■ **Exercise objective**
Work out how many lines of the records hold the string "image", and reply with that number alone.
── Source material
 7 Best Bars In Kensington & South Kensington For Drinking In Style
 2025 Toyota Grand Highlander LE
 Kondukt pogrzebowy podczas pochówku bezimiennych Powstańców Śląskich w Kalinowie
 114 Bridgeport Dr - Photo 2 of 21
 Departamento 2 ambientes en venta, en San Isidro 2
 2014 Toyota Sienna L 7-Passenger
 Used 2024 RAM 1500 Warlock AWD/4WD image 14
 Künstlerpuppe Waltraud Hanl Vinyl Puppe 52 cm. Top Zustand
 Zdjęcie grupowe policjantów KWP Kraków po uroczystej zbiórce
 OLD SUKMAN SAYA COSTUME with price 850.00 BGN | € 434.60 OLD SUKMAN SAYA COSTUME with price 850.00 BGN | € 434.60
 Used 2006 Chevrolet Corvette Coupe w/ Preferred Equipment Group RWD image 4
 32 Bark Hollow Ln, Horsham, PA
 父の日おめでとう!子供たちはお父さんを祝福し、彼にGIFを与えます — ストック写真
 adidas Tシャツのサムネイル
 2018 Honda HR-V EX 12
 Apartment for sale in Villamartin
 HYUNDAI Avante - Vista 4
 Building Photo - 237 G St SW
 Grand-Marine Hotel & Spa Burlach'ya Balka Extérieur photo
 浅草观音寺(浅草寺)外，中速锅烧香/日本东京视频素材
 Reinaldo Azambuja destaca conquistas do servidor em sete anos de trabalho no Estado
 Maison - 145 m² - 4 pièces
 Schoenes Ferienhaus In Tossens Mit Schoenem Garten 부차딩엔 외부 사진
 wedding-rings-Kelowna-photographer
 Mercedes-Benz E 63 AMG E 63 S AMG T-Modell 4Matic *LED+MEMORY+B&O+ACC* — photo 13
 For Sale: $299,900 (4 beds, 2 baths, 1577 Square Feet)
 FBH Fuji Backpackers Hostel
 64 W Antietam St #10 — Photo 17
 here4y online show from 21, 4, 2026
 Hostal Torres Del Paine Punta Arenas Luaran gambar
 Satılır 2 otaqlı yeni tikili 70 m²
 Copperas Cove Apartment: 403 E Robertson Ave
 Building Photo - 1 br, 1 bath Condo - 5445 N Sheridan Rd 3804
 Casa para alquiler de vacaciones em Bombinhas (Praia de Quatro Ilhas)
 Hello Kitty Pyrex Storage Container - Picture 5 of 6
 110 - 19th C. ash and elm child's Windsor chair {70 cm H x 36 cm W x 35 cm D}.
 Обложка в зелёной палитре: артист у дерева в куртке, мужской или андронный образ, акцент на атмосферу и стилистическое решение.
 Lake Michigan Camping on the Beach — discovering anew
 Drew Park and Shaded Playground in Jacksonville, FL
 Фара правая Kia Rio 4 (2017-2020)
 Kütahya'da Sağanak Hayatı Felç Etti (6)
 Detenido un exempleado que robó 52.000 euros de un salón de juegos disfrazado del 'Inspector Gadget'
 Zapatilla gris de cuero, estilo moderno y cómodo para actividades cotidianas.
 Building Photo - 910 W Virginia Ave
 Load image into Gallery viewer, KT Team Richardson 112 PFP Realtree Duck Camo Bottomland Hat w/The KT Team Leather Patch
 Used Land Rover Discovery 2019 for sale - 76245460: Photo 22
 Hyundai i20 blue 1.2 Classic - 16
────
■ **Result**
3